For a minute, no one moved. Then twenty-four-year-old machinist mate Fritz Dagg stepped forward. “I do not want anyone wrongly accused,” he said. “I stole the ham.”
Neuerburg motioned Dagg to his quarters. The crew dreaded the punishment Neuerburg was certain to impose on the well-liked Dagg. A few minutes later, Dagg emerged from Neuerburg’s quarters. Neuerburg had not punished him. Instead, the commander told the crew to go about its business. The boat exhaled. Guschewski admired the decision. He believed Neuerburg appreciated that Dagg felt sick about the theft, and he also knew that Dagg—an excellent crewman—could not perform properly if further embarrassed. The men welcomed Dagg back to the fold. No one was angry with him. The war was growing more hopeless, but at least everyone had enough to eat.
By late October,
U-869
’s crew knew that its maiden war patrol was just a week or two away. Brandt took a one-day leave to visit his family in Zinten. His father gathered the family in the living room and prayed. Siegfried was dressed in his full officer’s uniform—he had not even brought along a change of clothes. Snow fell thick outside the window. Otto Brandt asked for peace and the safe return of his sons Siegfried and Norbert. He asked for a time like the one that now seemed from another life, a time when his family could eat and sing and wake up at ease together.
Brandt returned to
U-869.
He was entitled to several more days of home leave. Instead, he gave his remaining share to married crewmen so that they might spend more time with their families. While these men were away, he sat in his tiny bunk aboard the sub and wrote letters to his family.
“I learned yesterday,” Brandt wrote in one such letter, “that Fritz C., the radioman with whom I always met, did not return from his first war patrol. It was his first deployment at the front. Just a few weeks ago we sat together in a restaurant. That’s life—hard and inexorable.”
In mid-November, he enclosed two small photos of himself along with a short note that asked his family, “Please think of me.” In one photo, he was seated and asleep on the deck of
U-869,
his knees tucked into his chest, his back against the ship, his head bowed forward. Though his mother owned many photos of Siegfried, this was the only one that made her cry. When Hans-Georg asked why she wept at this picture, she told him that it was the way Siggi was sitting—it reminded her of a child, a baby, and even though Siggi was a proud warrior, she could still see her little boy in that picture.

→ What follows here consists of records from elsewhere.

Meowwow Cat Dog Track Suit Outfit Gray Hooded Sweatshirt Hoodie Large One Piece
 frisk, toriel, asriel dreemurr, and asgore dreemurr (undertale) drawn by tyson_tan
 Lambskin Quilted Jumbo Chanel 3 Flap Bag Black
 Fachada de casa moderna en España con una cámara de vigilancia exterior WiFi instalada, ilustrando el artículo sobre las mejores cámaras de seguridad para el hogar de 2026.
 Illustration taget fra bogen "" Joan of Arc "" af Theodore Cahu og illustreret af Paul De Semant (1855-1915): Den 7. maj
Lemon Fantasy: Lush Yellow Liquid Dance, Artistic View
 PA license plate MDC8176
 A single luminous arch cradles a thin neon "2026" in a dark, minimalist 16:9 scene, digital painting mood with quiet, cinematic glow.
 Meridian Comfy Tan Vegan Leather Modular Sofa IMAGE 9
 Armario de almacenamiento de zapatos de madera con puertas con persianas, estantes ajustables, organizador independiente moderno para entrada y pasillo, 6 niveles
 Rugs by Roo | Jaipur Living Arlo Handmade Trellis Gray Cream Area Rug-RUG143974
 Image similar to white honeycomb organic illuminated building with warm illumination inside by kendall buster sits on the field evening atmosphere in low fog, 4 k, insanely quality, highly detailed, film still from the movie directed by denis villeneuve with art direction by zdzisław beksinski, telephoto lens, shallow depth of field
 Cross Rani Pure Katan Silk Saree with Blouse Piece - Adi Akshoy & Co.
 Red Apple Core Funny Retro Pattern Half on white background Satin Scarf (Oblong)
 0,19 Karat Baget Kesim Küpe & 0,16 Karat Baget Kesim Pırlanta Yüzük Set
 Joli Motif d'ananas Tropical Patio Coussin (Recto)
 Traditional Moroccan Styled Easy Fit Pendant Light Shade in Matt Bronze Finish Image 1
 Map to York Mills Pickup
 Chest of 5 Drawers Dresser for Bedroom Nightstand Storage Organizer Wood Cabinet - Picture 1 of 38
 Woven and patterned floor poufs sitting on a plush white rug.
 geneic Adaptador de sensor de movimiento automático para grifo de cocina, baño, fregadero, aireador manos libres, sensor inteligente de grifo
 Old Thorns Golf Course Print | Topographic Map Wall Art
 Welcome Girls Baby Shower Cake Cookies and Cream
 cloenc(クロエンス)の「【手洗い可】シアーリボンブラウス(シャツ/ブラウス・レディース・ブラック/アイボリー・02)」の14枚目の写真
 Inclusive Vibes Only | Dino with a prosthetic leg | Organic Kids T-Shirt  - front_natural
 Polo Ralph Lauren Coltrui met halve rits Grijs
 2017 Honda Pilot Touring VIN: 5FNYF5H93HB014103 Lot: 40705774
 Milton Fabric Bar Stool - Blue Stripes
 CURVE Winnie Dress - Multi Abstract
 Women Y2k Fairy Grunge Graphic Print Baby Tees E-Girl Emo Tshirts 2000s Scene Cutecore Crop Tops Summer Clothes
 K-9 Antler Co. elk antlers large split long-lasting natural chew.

In late November, Brandt sent another letter to his family. It read:
By the time you receive my letter I will already have started my journey. . . . I am so glad I heard from Norbert—this way I have certainty. I wish Hans-Georg a happy birthday. I hope to be back home for his confirmation. I also wish all of you a merry and blessed and healthy Christmas and New Year. Christmas is a family celebration; even if this time it is only in my thoughts. By thinking of each other we can remember how nice it used to be. Please don’t forget me as you fold your hands, as we carry each other, let us look forward to our “
Wiedersehen.
”
As Brandt wrote his letters and
U-869
prepared for its maiden war patrol, Neuerburg made a final visit home. He had joined the U-boats for just such opportunities and since 1943 had made the most of them. Upon returning home he always removed his uniform and changed into civilian clothes, in order to turn back into a “
Mensch
”—a human being. Often he took his three-year-old son, Jürgen, sailing with him, towing him behind the boat in a safety ring and allowing him to pretend to be captain of the ship. On other occasions—to his wife’s horror and his son’s delight—he placed Jürgen in a small wagon attached to his bicycle, then pedaled as fast as he could. He loved to photograph Jürgen and his year-old daughter, Jutta, and he sent one of Jürgen’s shots to a baby-powder company for advertising consideration. At night, he and Erna, who had spent much of their marriage separated by his training, listened to music, talked, and fell more deeply in love. He never discussed training or the upcoming mission, except to say that
U-869
was manned by a fine and cohesive crew and that he admired First Officer Siegfried Brandt, not just for his professionalism but for the way in which he had become friend and comrade to the men. As he and Erna counted down the days until the U-boat’s first patrol, they added entries to their “Baby Daybook,” a diary they kept for Jürgen and Jutta. His final entry, written to Jürgen before
U-869
left on patrol, concluded this way:
A few days ago, mean “Tommy” [the English] dropped a lot of bombs and it was very loud. You were very quiet and you hid your little head under Mommy’s coat. Jutta used to laugh during explosions but she too was very still. It was a terrible night and as you said, many houses were destroyed. In our house too there was a terrible mess. Since then you don’t like to sleep alone and you want to go nighty-night with Mommy. Even you, my little rascal, are becoming aware of this terrible war.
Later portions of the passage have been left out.